The core of the idea can be understood from the name –
Consolidated: A CDS contract will typically manage storage for multiple linked logic contracts. A single CDS layer can manage an arbitrary amount of storage spaces, but CDS also supports segmentation through the use of multiple CDS layers.
Dynamic: Storage structures can be adapted post-deployment at the contract level.
Storage: The focus is on making storage evolvable and extendable in itself.
Two critical features:
Dynamic storage spaces: Segregated storage areas (defined by a hash structure) that can be created through a function invocation in a post-deployment setting. They are populated by a mapping-of-extendable-struct.
Extendable structs: A custom struct type that can have new members appended to it through function invocation.
The core objective of CDS is to introduce a standardized, full-service approach to storage management, cross-contract interoperability, and upgradeability. With CDS, storage structures can be extended and created in-place, removing the need for any manual storage management and saving re-deployments. Access and modification patterns are static, which helps to stabilize and simplify complex cross-contract dependencies in large or rapidly-evolving ecosystems – and the consolidation of storage into one (or more, if desired) CDS layers ensures efficient single-hop data access for any linked external contract.
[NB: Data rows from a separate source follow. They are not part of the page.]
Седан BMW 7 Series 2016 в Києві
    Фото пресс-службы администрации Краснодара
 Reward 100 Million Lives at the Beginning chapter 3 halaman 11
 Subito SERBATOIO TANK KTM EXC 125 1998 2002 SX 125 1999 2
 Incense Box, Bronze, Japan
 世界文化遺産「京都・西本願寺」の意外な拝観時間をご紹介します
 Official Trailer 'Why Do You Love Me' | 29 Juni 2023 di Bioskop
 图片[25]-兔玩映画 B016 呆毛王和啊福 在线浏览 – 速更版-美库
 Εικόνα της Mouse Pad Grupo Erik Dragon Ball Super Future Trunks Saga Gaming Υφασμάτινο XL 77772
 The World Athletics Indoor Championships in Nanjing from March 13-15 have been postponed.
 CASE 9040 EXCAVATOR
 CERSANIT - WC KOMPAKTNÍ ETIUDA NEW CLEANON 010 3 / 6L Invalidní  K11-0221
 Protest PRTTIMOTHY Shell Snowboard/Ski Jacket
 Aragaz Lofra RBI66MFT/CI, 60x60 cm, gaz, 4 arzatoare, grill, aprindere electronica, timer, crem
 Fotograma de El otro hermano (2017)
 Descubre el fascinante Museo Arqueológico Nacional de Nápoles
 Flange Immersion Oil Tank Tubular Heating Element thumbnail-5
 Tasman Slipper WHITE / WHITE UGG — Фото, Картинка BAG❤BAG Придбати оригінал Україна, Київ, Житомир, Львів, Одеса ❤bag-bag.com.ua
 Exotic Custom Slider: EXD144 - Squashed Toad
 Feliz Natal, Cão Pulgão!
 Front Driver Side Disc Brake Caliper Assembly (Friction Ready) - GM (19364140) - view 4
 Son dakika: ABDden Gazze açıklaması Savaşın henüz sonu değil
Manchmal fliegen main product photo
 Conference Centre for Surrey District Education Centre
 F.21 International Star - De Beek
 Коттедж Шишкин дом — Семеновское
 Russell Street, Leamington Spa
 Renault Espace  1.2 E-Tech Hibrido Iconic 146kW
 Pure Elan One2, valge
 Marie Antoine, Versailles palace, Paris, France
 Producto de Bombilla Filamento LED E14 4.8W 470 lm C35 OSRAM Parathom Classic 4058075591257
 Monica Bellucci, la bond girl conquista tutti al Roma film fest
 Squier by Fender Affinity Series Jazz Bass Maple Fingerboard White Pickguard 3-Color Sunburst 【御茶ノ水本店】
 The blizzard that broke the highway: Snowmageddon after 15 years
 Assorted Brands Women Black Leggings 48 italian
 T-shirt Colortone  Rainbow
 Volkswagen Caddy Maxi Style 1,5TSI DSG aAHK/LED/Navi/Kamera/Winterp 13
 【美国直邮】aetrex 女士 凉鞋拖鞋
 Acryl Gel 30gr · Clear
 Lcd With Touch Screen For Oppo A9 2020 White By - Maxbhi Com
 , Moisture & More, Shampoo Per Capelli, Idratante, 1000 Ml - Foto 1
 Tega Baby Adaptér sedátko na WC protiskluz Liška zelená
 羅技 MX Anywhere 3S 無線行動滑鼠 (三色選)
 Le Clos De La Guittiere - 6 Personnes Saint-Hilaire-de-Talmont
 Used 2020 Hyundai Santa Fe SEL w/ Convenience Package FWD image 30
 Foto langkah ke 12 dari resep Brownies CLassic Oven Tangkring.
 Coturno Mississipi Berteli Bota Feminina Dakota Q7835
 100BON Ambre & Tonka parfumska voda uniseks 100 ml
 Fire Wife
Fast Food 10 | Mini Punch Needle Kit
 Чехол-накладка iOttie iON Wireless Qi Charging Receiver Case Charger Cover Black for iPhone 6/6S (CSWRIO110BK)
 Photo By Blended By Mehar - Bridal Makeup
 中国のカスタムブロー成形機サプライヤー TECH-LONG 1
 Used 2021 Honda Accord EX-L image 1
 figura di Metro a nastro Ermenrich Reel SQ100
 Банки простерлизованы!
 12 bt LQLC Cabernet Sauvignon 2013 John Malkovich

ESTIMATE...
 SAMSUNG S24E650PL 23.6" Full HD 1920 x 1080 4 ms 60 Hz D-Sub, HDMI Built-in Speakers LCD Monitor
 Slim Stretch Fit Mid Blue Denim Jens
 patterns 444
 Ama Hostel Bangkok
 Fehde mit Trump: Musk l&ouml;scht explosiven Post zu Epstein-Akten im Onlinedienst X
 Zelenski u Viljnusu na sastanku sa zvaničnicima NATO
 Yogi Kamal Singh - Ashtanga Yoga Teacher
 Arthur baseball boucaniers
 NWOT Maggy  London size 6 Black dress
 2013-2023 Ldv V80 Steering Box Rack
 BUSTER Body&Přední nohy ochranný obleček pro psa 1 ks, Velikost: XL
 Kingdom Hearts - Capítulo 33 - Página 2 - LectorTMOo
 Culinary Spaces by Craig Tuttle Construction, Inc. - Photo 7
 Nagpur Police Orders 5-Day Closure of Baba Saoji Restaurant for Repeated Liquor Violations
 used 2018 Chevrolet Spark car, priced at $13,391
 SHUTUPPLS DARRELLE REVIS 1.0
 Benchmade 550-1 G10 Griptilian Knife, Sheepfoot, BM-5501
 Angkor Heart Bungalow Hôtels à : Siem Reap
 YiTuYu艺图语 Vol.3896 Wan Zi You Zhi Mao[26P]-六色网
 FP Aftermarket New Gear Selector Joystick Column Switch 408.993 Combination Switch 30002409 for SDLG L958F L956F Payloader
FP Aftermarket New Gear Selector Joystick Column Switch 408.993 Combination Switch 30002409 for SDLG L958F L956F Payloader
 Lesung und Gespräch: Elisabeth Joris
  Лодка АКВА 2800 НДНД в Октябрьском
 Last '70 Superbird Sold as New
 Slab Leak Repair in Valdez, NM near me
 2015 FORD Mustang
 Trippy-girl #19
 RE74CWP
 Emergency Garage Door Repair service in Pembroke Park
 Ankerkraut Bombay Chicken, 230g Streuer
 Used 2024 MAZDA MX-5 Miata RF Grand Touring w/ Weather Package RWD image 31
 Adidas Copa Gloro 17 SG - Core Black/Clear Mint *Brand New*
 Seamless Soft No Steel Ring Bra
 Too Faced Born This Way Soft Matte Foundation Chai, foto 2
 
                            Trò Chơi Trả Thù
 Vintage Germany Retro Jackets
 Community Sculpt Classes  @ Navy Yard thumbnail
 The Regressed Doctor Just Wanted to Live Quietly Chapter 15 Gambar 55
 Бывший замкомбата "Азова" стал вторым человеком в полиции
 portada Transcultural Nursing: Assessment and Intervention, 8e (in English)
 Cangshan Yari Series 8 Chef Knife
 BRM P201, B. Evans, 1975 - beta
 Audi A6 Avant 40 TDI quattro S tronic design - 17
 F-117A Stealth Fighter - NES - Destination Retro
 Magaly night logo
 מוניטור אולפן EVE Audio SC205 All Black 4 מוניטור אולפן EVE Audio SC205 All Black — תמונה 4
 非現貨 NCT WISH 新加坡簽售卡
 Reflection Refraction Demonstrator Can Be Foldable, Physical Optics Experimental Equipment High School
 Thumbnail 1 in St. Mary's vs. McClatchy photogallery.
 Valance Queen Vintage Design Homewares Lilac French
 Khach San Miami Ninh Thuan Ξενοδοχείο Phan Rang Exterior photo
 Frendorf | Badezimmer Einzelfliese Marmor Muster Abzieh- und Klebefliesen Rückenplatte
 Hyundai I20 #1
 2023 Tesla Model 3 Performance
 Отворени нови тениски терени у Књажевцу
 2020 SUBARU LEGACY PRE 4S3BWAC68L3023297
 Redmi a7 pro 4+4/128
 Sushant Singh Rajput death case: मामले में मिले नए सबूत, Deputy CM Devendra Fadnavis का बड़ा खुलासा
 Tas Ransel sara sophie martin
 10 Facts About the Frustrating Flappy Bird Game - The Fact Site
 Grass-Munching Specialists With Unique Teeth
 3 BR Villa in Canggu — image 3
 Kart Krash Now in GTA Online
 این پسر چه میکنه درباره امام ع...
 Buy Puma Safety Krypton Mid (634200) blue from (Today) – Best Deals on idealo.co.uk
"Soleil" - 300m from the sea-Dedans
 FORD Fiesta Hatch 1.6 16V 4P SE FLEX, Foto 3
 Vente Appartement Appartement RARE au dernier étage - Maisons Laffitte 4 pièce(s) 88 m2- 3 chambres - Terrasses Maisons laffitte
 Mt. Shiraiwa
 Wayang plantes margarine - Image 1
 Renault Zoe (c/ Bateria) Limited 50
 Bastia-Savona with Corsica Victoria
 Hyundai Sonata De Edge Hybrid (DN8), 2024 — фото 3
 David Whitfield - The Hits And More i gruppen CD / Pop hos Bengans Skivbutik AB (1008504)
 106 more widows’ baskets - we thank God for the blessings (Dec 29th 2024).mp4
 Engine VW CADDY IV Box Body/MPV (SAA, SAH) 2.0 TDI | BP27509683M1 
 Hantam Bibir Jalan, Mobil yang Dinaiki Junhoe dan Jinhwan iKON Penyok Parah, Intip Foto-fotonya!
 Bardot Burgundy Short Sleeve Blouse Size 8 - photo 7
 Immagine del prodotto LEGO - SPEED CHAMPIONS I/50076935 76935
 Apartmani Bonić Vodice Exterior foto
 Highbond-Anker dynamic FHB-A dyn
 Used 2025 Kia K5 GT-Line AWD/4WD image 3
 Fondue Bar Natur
CDS also provides a strong foundation for governance solutions. One of the core complaints that I hear about upgradeability patterns in general is that they make protocols unsafe, since faulty or malicious logic can be introduced at any time. CDS can be managed by self-executing governance systems, which effectively enables full upgradeability (critically, in terms of both logic and storage) without sacrificing any decentralization.
CDS Intuition: data is stored in a single contract, which uses custom storage structure abstractions that enable you to create and extend mapped storage structures in-place. Stored data is segmented logically through a hashing scheme, and access controls ensure that the data layer is only accessible to explicitly permissioned entities. Since data structures can be created or extended in-place, we can efficiently manage the full data requirements for evolving multi-layer smart contract systems with a single CDS layer. Since each layer shares the same data bank, we have standardized access patterns and seamless interoperability, even between logically segmented layers.